PROBLEM DESCRIPTION:
Everything from the line containing "Load image into" down to the last line below should be set down exactly, and only that, without the pictures.

DATASET EXCERPT:
--------------------------------

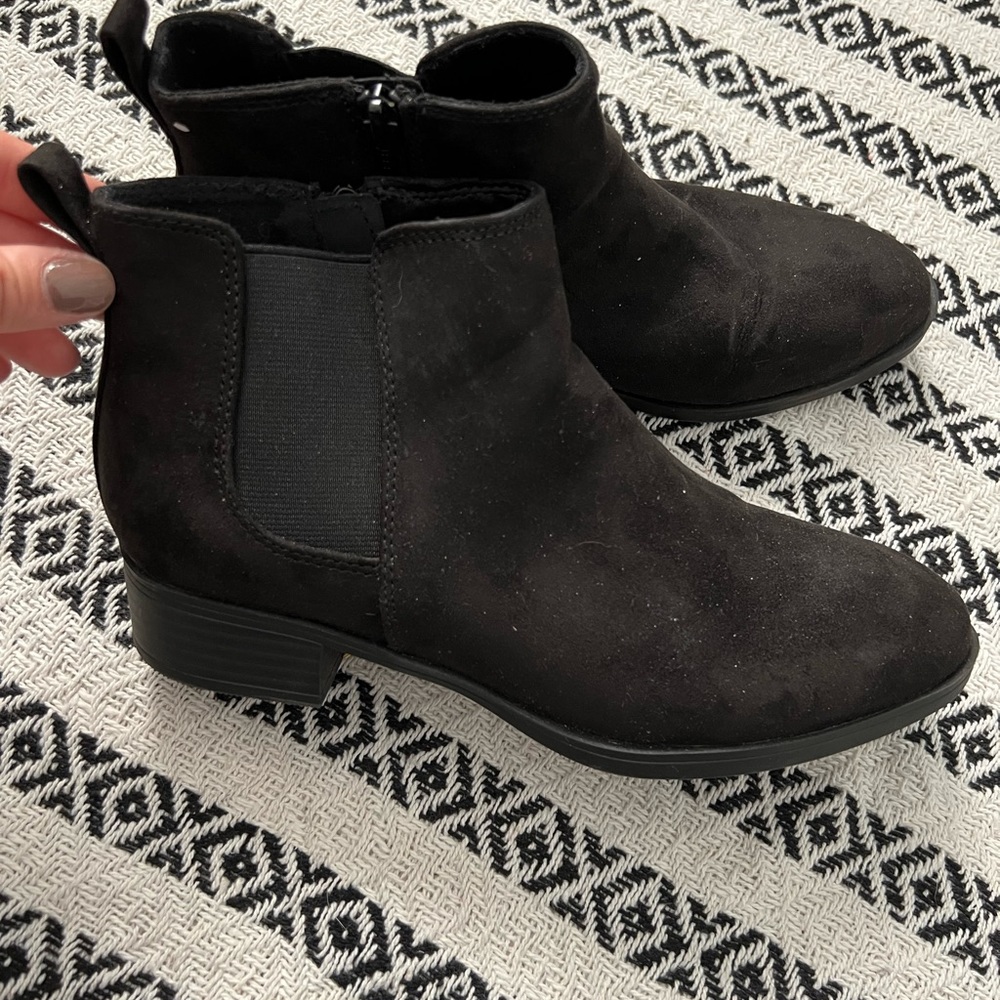 SO black sude ankle bootie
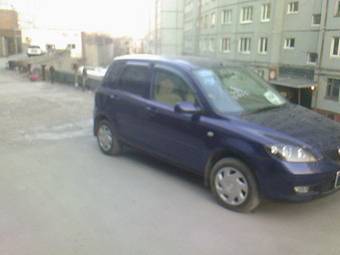 2003 Mazda Demio Pictures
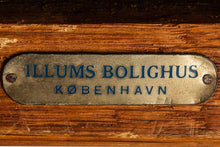 Load image into Gallery viewer, Set of Eight (8) Bespoke CH24 Wishbone Dining Chairs in Oak and Leather by Hans Wegner for Carl Hansen & Søn, Denmark, c. 1960s-ABT Modern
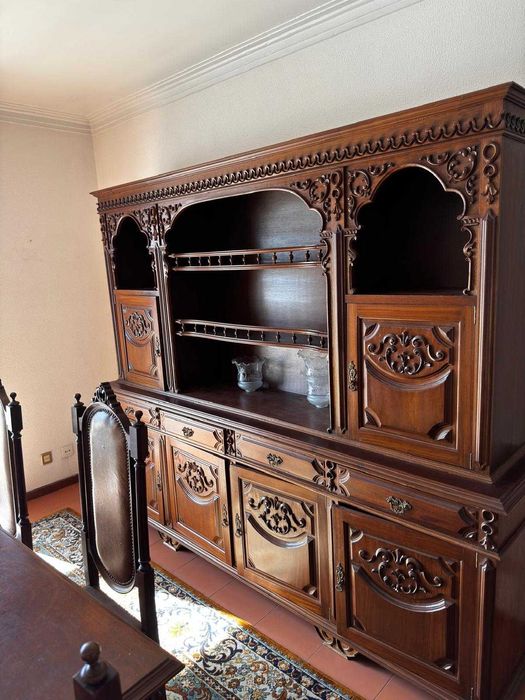 Conjunto de Mobiliário de Sala de Jantar em Madeira - Estilo Clássico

--------------------------------

RESPONSE TO THIS EXERCISE:
 Load image into Gallery viewer, Set of Eight (8) Bespoke CH24 Wishbone Dining Chairs in Oak and Leather by Hans Wegner for Carl Hansen & Søn, Denmark, c. 1960s-ABT Modern
 Conjunto de Mobiliário de Sala de Jantar em Madeira - Estilo Clássico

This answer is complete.